**Your objective**
Write out, exactly and in full, the line where "Bán toà căn" appears together with all lines that follow it in the entries below. Do not include pictures.

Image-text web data
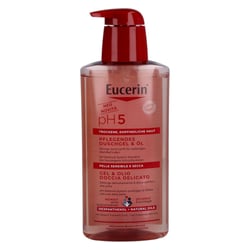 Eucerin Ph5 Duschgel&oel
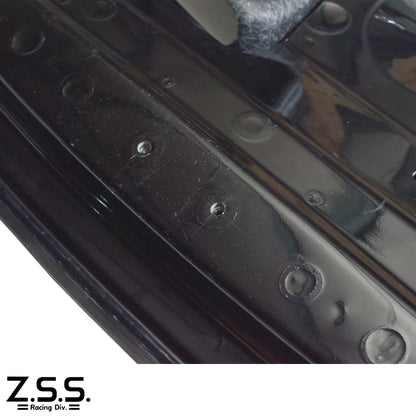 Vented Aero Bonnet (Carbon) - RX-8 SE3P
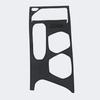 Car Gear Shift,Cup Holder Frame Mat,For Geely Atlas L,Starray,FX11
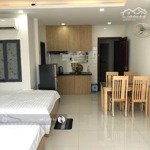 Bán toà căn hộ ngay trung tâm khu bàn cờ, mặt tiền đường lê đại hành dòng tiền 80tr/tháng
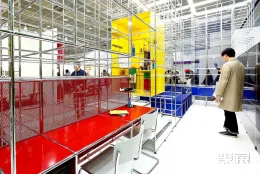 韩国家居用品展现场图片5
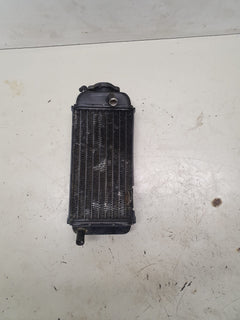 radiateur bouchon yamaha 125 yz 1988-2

**Result**
 Bán toà căn hộ ngay trung tâm khu bàn cờ, mặt tiền đường lê đại hành dòng tiền 80tr/tháng
 韩国家居用品展现场图片5
 radiateur bouchon yamaha 125 yz 1988-2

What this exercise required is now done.